Взревело механическое существо, решив стать плакальщицей над телами индейцев. Грохот выстрелов слился в монотонный гул. Глаза. Я видел только эти горящие огнём ненависти глаза и красный дождь, падавший на лицо самой Смерти. Смерть усмехалась, но совсем не весело, а её глаза были полны ненависти и немой ярости. И вдруг всё стихло. Дождь закончился. Плакальщица проводила мёртвых в последний путь, принеся им свои слёзы (красные слёзы) и верные прощальные дары. Это конец. Теперь лето может наступить даже здесь. Потому что чучело Масленицы догорело, но умершие дети отомщены. Все, до одного.

Как умерли все, до одного, убийцы.

Догорали вигвамы, обугливались последние кости этих древних динозавров, а я точно знал, что в памяти отложится каждая секунда, но ничто я не запомню так же чётко, как храброго мальчика, алое Нечто и улыбки на ещё живых лицах детей, когда я впервые открыл глаза в этой ещё живой деревне.

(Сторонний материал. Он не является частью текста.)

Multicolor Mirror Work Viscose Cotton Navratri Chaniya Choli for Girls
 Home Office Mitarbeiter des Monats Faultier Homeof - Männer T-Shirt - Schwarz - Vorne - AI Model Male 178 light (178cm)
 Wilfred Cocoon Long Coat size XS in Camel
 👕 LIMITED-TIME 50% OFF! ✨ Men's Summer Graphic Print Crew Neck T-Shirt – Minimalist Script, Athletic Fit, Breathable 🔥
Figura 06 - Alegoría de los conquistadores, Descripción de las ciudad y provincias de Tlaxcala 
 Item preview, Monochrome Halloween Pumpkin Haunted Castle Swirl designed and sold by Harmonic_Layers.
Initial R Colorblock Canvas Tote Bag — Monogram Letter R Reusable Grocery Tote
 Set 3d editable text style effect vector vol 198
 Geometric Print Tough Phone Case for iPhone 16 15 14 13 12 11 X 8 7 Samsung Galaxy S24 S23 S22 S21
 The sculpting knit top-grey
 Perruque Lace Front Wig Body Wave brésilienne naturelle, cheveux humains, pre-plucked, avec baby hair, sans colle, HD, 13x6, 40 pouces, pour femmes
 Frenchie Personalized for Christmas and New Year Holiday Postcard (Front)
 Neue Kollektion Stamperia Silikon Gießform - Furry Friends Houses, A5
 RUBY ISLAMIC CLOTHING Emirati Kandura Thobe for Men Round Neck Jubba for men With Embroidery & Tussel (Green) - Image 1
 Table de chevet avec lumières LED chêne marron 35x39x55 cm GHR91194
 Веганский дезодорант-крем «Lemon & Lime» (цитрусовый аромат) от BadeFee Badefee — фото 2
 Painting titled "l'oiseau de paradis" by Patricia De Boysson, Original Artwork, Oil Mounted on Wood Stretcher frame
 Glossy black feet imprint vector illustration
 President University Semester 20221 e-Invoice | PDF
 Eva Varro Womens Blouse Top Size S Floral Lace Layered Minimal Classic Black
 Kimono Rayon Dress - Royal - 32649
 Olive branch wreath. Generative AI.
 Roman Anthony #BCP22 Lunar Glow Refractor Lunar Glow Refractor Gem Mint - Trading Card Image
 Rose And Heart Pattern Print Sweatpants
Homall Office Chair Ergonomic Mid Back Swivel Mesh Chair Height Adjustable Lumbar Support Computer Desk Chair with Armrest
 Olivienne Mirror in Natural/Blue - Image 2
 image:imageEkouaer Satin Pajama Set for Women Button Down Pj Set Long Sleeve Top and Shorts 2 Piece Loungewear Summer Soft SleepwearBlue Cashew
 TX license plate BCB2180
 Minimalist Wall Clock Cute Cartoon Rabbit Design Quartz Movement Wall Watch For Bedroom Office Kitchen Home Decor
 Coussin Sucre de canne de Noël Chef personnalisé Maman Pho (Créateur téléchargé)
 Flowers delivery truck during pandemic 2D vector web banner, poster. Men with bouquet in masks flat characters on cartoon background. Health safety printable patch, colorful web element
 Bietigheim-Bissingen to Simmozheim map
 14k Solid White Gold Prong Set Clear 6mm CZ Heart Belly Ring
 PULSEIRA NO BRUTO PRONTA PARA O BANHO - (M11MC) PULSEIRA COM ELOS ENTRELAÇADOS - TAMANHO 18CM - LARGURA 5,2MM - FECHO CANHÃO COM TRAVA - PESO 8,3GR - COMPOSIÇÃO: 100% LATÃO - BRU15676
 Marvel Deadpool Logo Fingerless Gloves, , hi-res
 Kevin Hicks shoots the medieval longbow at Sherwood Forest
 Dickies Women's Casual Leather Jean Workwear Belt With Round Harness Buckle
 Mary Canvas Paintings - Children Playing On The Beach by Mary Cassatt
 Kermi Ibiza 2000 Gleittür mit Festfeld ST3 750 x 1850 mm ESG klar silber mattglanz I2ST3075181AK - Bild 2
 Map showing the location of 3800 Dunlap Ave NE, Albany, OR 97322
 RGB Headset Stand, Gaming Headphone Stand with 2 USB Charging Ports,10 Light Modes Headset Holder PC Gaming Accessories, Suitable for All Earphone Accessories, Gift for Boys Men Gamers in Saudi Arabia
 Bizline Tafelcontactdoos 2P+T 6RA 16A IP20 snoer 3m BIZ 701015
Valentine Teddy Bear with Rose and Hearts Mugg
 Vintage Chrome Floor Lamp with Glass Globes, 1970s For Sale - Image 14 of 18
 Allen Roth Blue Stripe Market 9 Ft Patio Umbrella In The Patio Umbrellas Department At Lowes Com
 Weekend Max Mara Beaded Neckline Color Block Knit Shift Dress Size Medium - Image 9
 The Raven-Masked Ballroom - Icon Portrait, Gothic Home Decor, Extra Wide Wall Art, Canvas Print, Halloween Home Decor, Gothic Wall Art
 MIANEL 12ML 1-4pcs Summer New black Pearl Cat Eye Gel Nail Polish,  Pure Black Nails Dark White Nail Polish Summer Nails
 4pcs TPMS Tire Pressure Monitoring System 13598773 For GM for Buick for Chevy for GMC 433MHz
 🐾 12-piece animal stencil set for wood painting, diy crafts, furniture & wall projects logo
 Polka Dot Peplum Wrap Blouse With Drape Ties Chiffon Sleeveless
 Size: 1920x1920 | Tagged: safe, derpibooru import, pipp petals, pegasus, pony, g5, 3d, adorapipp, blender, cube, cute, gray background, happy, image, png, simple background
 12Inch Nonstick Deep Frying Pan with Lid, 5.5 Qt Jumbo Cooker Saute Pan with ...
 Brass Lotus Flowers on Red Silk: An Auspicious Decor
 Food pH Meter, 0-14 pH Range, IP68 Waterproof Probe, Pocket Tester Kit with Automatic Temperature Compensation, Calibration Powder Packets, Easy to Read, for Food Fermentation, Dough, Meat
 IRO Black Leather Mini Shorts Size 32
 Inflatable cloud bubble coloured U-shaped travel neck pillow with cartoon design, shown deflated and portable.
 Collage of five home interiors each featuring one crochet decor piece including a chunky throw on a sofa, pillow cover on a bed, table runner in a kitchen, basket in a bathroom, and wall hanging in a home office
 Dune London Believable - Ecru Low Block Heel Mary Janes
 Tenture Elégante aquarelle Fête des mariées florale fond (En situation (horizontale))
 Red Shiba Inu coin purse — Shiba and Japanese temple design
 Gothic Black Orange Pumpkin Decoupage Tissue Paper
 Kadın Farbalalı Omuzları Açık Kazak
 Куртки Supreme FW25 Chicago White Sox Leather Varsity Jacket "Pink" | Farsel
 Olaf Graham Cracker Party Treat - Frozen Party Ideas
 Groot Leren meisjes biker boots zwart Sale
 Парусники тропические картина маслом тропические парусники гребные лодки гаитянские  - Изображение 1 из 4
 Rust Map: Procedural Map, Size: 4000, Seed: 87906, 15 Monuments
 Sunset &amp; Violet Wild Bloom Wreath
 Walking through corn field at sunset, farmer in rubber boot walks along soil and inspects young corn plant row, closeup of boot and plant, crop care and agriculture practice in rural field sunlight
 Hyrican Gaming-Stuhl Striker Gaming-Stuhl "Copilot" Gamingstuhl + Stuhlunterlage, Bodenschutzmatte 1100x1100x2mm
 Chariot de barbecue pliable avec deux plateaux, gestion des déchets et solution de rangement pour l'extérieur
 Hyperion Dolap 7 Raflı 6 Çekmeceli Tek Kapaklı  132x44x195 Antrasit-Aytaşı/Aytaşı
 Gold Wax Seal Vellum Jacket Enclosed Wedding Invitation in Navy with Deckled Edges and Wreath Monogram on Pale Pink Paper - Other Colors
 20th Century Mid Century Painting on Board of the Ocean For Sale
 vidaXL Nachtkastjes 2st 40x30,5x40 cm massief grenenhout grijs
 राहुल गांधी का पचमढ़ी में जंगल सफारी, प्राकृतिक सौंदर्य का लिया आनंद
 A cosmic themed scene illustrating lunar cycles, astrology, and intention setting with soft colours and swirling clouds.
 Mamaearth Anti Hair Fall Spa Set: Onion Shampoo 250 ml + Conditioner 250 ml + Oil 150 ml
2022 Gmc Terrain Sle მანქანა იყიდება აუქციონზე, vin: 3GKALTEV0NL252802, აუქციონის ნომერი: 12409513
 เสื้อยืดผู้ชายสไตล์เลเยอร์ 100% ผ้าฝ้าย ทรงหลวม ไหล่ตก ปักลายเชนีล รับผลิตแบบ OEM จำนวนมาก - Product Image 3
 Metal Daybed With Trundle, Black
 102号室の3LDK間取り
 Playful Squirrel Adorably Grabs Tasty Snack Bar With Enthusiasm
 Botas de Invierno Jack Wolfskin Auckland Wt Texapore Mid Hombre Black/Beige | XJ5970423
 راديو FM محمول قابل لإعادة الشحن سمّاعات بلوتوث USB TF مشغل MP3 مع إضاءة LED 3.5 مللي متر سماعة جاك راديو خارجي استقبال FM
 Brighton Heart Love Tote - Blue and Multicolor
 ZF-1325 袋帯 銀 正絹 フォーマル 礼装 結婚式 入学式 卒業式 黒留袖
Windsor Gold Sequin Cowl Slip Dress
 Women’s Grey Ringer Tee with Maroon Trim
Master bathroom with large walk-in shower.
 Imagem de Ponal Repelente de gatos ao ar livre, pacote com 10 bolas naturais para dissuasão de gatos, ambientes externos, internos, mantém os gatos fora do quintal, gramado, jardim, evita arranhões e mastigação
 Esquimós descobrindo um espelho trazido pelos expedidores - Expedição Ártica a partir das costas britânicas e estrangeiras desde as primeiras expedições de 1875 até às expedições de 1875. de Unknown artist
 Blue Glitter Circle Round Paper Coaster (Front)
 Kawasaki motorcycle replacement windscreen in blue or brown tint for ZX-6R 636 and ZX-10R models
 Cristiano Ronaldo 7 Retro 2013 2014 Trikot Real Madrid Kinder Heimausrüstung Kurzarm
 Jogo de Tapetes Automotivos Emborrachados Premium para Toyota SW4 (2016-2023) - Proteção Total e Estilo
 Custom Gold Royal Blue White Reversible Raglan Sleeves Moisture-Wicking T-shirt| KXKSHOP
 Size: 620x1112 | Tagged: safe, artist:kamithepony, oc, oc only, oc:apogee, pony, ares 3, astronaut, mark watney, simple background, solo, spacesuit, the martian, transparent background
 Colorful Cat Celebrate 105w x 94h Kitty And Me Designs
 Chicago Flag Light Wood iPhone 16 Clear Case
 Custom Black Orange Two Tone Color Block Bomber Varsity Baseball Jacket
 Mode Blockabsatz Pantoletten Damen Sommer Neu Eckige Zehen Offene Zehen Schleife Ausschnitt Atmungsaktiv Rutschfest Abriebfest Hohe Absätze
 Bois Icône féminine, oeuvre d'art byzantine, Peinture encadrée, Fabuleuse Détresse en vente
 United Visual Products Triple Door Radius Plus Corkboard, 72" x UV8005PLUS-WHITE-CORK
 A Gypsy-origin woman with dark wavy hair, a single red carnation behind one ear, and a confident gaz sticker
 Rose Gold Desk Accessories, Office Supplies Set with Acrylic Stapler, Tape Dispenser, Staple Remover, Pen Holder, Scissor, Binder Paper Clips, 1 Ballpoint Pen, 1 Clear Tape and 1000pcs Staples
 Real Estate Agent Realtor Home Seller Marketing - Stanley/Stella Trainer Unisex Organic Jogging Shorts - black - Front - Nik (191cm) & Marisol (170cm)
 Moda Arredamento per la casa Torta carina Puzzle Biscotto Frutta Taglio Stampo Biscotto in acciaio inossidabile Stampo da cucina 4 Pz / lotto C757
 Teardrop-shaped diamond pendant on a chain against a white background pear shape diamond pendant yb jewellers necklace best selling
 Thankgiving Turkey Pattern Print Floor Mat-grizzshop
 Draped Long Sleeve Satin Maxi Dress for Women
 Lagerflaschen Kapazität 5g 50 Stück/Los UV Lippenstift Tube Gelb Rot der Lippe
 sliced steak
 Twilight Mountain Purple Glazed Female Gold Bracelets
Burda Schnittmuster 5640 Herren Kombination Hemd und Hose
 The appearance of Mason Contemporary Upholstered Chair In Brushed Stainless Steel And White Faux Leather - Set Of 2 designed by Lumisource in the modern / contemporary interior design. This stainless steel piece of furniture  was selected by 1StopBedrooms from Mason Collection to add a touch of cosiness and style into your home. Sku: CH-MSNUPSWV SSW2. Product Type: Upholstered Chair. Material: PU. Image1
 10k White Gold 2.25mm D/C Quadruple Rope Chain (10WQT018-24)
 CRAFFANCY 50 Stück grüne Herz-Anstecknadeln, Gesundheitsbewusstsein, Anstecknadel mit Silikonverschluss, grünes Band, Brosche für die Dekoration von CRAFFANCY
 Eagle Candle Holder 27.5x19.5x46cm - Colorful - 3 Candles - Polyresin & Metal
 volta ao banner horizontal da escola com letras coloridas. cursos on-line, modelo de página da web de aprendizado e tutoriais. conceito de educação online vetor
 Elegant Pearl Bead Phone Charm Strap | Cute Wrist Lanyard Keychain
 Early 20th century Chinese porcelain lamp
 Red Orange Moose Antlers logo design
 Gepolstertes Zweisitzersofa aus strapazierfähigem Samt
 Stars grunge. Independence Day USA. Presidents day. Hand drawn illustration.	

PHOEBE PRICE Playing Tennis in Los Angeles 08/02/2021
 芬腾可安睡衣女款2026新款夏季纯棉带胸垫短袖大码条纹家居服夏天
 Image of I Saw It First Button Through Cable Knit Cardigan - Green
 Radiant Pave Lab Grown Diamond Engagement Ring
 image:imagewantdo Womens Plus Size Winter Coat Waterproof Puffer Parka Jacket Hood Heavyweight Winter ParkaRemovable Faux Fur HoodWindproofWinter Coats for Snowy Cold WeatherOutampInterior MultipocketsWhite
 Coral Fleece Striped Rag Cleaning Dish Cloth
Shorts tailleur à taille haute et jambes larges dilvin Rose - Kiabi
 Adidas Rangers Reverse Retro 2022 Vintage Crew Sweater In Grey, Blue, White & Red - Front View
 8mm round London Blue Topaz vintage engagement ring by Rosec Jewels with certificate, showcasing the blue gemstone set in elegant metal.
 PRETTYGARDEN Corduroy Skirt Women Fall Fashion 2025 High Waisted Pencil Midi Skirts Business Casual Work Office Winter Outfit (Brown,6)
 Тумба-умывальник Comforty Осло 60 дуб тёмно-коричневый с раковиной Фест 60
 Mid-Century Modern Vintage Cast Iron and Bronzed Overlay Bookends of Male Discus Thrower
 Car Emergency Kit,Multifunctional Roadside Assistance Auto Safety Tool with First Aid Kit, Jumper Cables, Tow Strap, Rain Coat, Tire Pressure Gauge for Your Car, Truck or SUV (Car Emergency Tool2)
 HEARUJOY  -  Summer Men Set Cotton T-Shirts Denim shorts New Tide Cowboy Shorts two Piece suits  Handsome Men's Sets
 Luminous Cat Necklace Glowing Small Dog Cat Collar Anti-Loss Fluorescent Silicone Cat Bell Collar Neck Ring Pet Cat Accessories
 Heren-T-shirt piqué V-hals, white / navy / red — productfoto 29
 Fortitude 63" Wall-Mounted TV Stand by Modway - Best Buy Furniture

Прощай, весна. Мы уходим в тёплое лето. Но мы не забудем, и дети уйдут в него вместе с нами…

Вспышка.

Белое облако уступило место бездонной темноте. Боли я почти не чувствовал, а может, это мне лишь казалось. Только в этот раз, погружаясь во мглу, я точно знал, что есть вещи куда страшнее боли и даже смерти.